Mereka bertindak dengan menghambat enzim HMG CoA reduktase, yang mengontrol sintesis kolesterol dalam hati. Kebanyakan produsen statin merekomendasikan bahwa mereka diambil pada malam hari, berdasarkan studi fisiologis yang menunjukkan bahwa sebagian besar kolesterol disintesis ketika asupan makanan adalah di lowest.1 Satu uji klinis kecil menemukan bahwa mengambil dosis kecil simvastatin daripada digunakan dalam pengobatan, di pagi hari, kurang efficient.2 Namun, percobaan menggunakan atorvastatin tidak menemukan signifikan perbedaan antara konsentrasi kolesterol pasien yang menggunakan statin pada pagi hari dan mereka mengambil dalam evening. Keraguan telah dilemparkan pada apakah statin harus diambil pada malam hari, 4 khususnya karena banyak pasien juga menerima pengobatan dengan obat kardioprotektif lainnya dan kepatuhan dapat dikompromikan oleh beberapa dosing.5 Kami menentukan apakah mengambil simvastatin di pagi memiliki efisiensi yang berbeda secara signifikan dari mengambil di malam hari, dengan mengukur kolesterol konsentrasi dalam serum pasien puasa '. Peserta, metode, dan hasil Kami acak dewasa stabil di 10 atau 20 mg simvastatin di malam hari untuk pencegahan primer atau sekunder penyakit jantung koroner, stroke, atau pembuluh darah perifer penyakit, dosings di pagi atau sore hari untuk periode delapan minggu. Kami mengukur lipid darah puasa profil pada awal dan pada delapan minggu. Kami sampel darah antara 8 dan 9 30 30 am. Pasien diacak untuk dosis di pagi hari tidak untuk menghilangkan itu di kepada hari menindaklanjuti sampel darah. Primer outcomemeasure adalah perubahan total kolesterol puasa konsentrasi antara awal dan tindak lanjut. Kami juga mengukur konsentrasi high density lipoprotein, alanin transaminase, low density lipoprotein, dan trigliserida. Kami memeriksa kepatuhan dengan menghitung jumlah tablet yang diambil antara dua kunjungan. Kami membandingkan berarti konsentrasi lipid antara kelompok perlakuan dalam niat untuk mengobati analisis dengan menggunakan analisis kovarians dengan konsentrasi awal sebagai kovariat. Kami membandingkan proporsi dengan? 2 tes dan berarti dengan tes t tertandingi. Tingkat 5% menunjukkan signifikansi statistik, dan kami menganalisis data di SPSS. Untuk menunjukkan perubahan yang signifikan 4% pada kolesterol rata-rata konsentrasi dengan kekuatan 80%, dengan asumsi rata-rata koefisien

variasi dari 5,5% di antara pasien, kami membutuhkan 60 pasien.
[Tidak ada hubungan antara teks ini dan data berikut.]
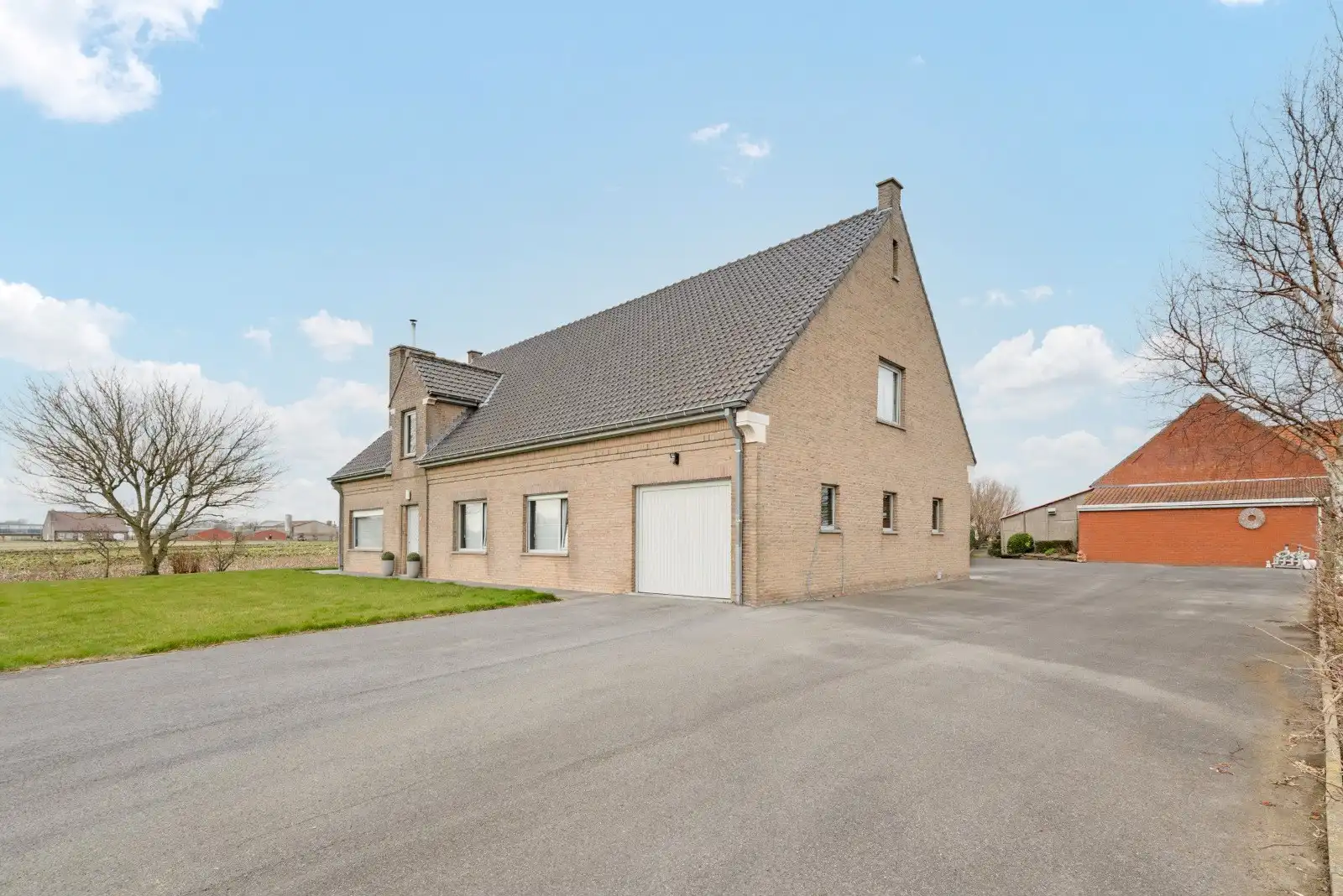 Ruime gezinswoning met tuin te huur in Westrozebeke  foto 2
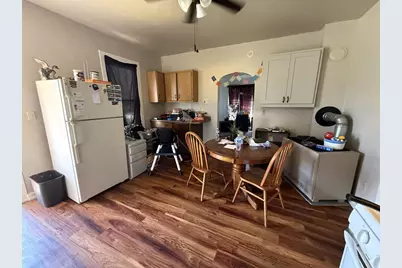 911 Smith Street, Green Bay, WI 54302 - Photo 8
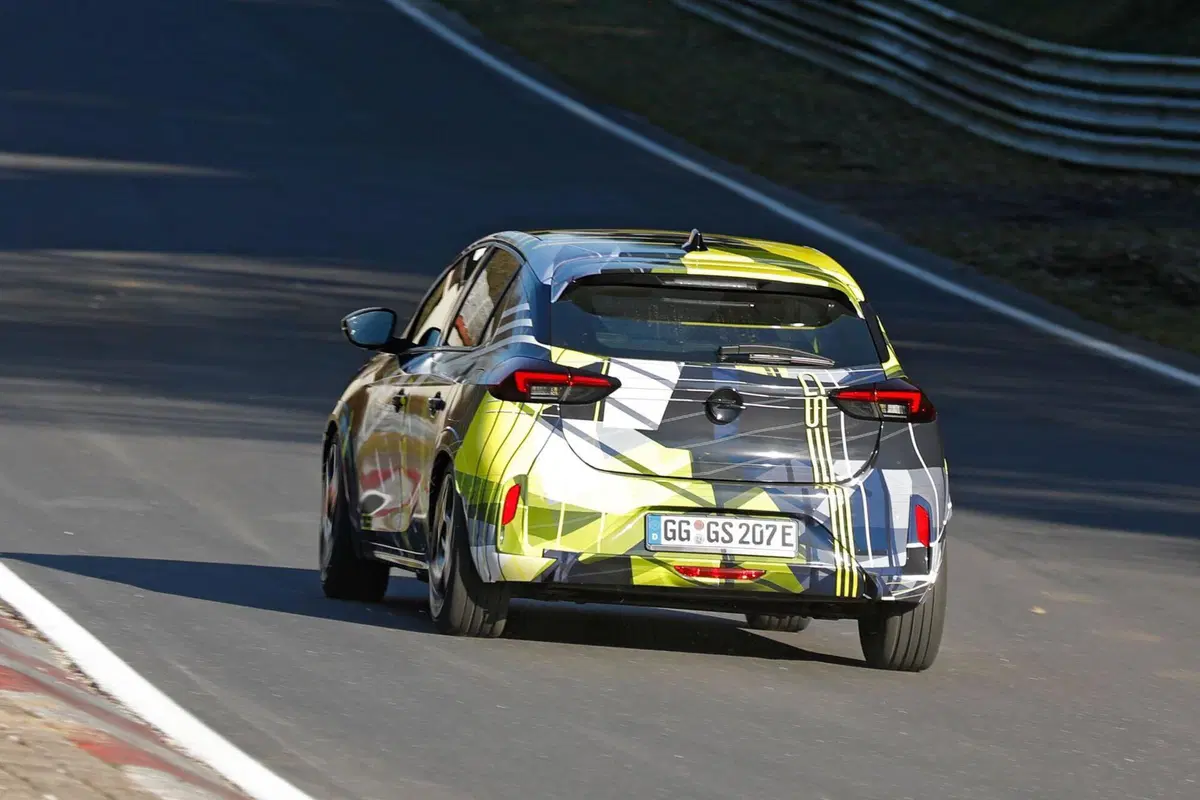 Opel Corsa GSE elettrica: avvistata al Nürburgring la nuova sportiva da oltre 280 CV (27)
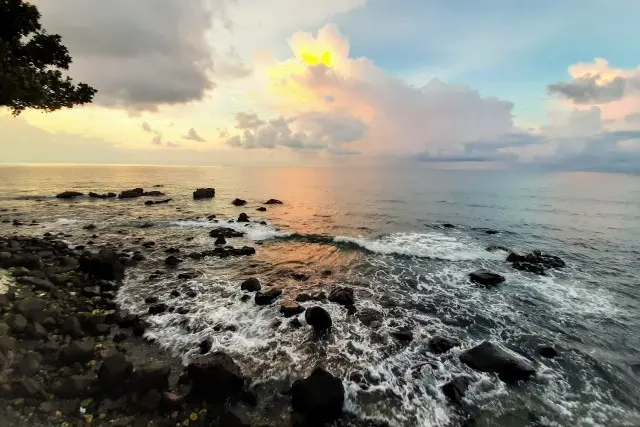 Pantai Paradiso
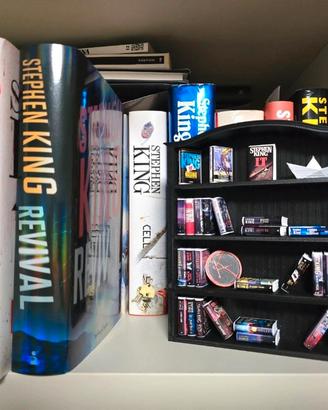 Mini libreria Stephen King comprensiva di libri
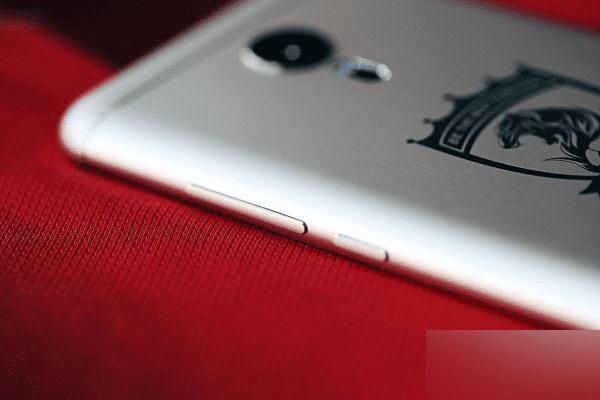 一起来欣赏下魅族MX5恒大纪念版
Sebuah pencarian komputer mengidentifikasi 96 pasien yang mengambil simvastatin.We dikecualikan 13 karena mereka sudah mengambil simvastin di pagi hari. Dari 83 pasien yang memenuhi syarat, 60 (72%) accepted.We acak 27 pria dan 33 wanita usia rata-rata 66 (kisaran 44-82) untuk mengambil obat di pagi hari atau di malam hari. Tiga puluh enam pasien mengambil 10 mg per hari dan 24 mengambil 20 mg sehari. Seks dan dosis harian tidak berbeda antara kedua kelompok (P> 0,6). Sebanyak 57 pasien menyelesaikan sidang, satu mengundurkan diri dan dua gagal. Dalam niat untuk mengobati analisis, kita diasumsikan bahwa profil lipid pasien ini tidak perubahan antara awal dan tindak lanjut. Perubahan lipid darah terdistribusi normal dan switching mengambil simvastatin dari di malam hari untuk di pagi hari menghasilkan statistik peningkatan yang signifikan dalam jumlah dan rendah density lipoprotein kolesterol (tabel). Kepatuhan tidak berbeda antara kelompok (rata-rata jumlah tablet 1, standar deviasi 5 untuk kedua kelompok, P = 0,9). Komentar Simvastatin mungkin terbaik diambil pada malam hari karena konsentrasi kolesterol total dan kepadatan rendah lipoprotein secara signifikan lebih besar ketika diambil dalam pagi hari. Simvastatin adalah yang paling banyak diresepkan statin di Inggris, dan ini menemukan memiliki implikasi untuk kepatuhan dalam mencegah penyakit jantung koroner. Tidak adanya efek yang sama dengan atorvastatin dapat dijelaskan dengan eliminasi lagi setengah hidup.